WHAT THE TASK REQUIRES – Skip the pictures and copy all the data that follows exactly.

===== THE DATA

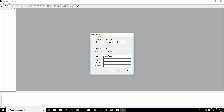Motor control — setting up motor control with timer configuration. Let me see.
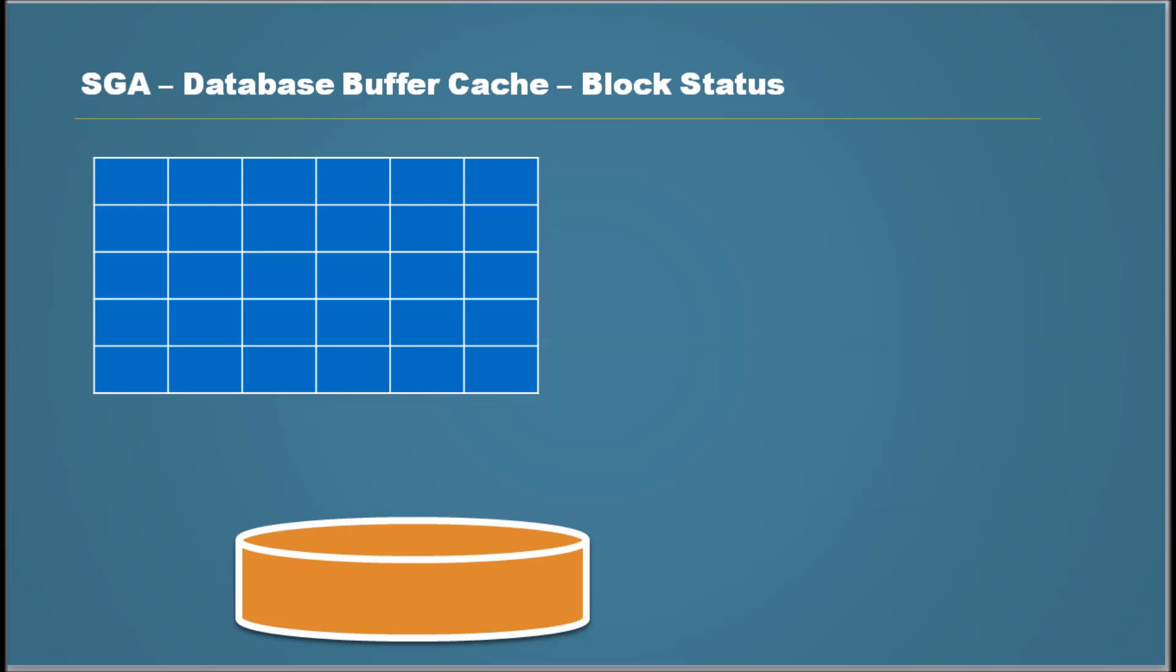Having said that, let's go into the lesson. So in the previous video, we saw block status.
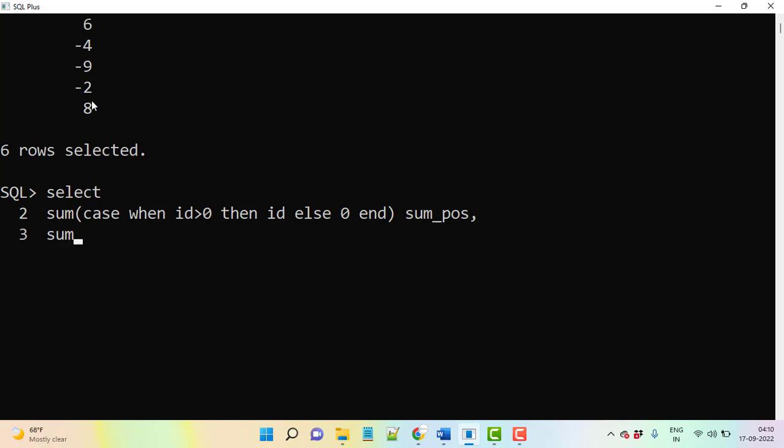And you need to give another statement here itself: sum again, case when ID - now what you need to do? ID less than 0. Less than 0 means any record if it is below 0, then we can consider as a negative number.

==========

RESPONSE –
Motor control — setting up motor control with timer configuration. Let me see.
Having said that, let's go into the lesson. So in the previous video, we saw block status.
And you need to give another statement here itself: sum again, case when ID - now what you need to do? ID less than 0. Less than 0 means any record if it is below 0, then we can consider as a negative number.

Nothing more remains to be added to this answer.